Parliament panel seeks changes to Bill on removal of PM, CMs and Ministers after 30 days in jail
A Joint Parliamentary Committee examining the Constitution (One Hundred and Thirtieth Amendment) Bill has recommended replacing the provision for automatic “removal” of a Prime Minister
A Joint Parliamentary Committee examining the Constitution (One Hundred and Thirtieth Amendment) Bill has recommended replacing the provision for automatic “removal” of a Prime Minister, Chief Minister or Minister after 30 consecutive days in judicial custody with “suspension”, though the immediate consequence in both cases would be that the public functionary demits office. Most Opposition parties, arguing that the Bill was driven by “malicious intent”, had declined to join the panel headed by BJP MP Aparajita Sarangi. The proposed constitutional amendment seeks to address what the government describes as a vacuum in cases where public functionaries continue in office during prolonged incarceration. The panel has made five recommendations. These include replacing the Bill’s provisions for a Minister’s “removal” or requirement to “cease to be a Minister” with “suspension”. The recommendation follows submissions from stakeholders that terms such as “removed” and “shall cease to be a Minister” carried “an unwarranted air of finality and stigma”. By contrast, suspension, similar to service rules under which government employees detained beyond a specified period are placed under suspension without any presumption of guilt, is viewed as a reversible measure.

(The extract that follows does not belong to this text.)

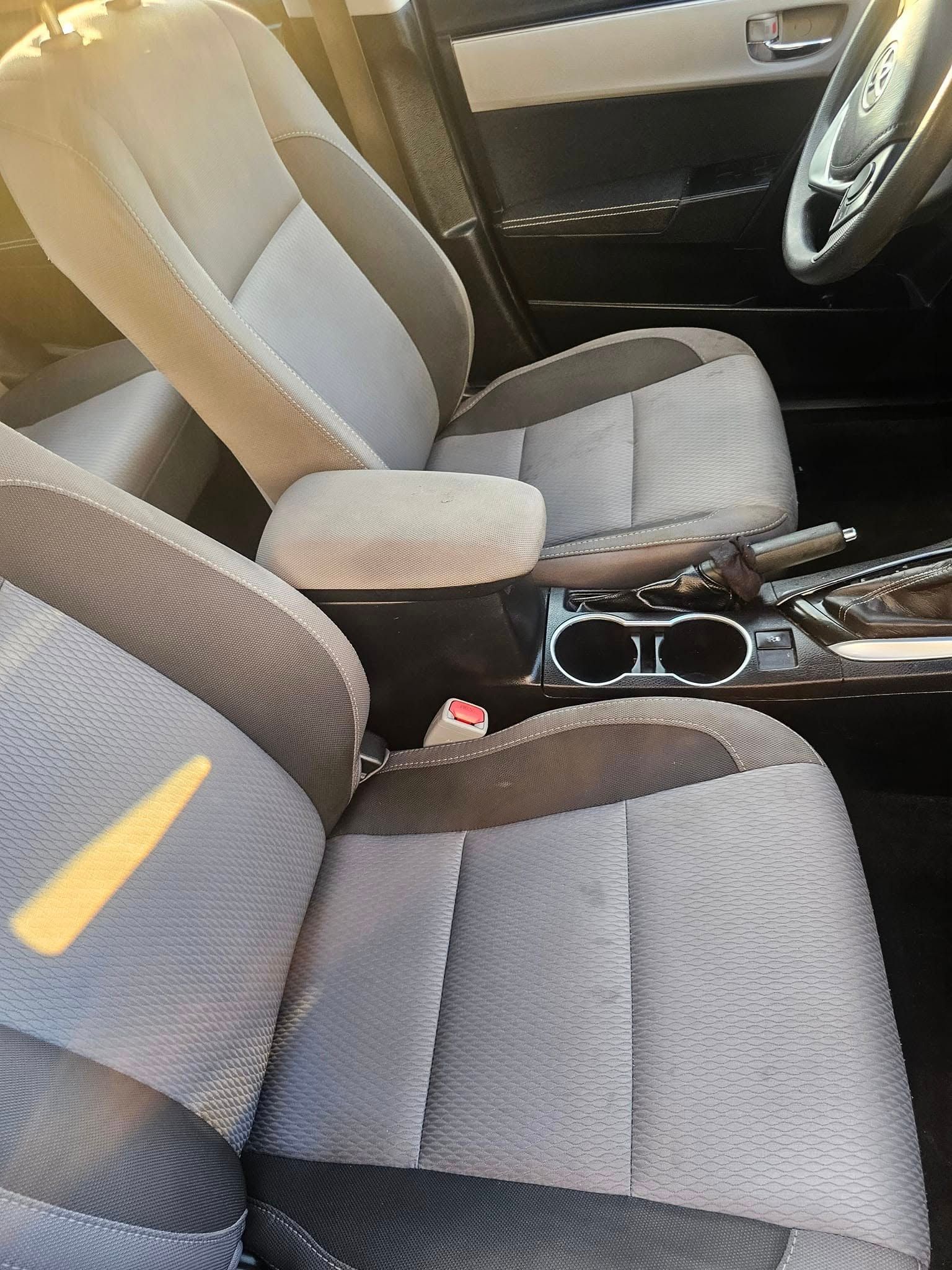 Interior view of a vehicle front cabin with grey patterned upholstery seats, a center console, and cup holders.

The committee has also recommended defining “serious criminal offences” as offences punishable with imprisonment of five years or more. It proposed an automatic reversal clause under which suspension would lapse upon discharge, acquittal, or failure of the prosecution to proceed within a specified period. The panel also called for fast-track courts to hear cases involving high constitutional functionaries and for a separate schedule listing offences that would attract the proposed provisions. Constitution silent According to the committee’s draft report, there was broad agreement among stakeholders that both the Constitution and the Representation of the People Act, 1951 are presently silent on the consequences of a sitting Prime Minister, Chief Minister or Minister being arrested and held in custody on serious criminal charges. However, the report notes that the sharpest disagreements centred on the mechanism chosen by the Bill rather than its objective. “Notably, even within the supportive cluster, no stakeholder defended the Bill’s present formulation without qualification; and even within the critical cluster, no stakeholder rejected the legislative objective itself,” the report says. “The disagreement lies overwhelmingly in the design of the trigger mechanism and the safeguards attending it, not in the underlying policy goal.” The most contested provision was the Bill’s trigger mechanism, under which a public functionary would automatically lose office after spending 30 continuous days in custody in connection with offences punishable with five years’ imprisonment or more.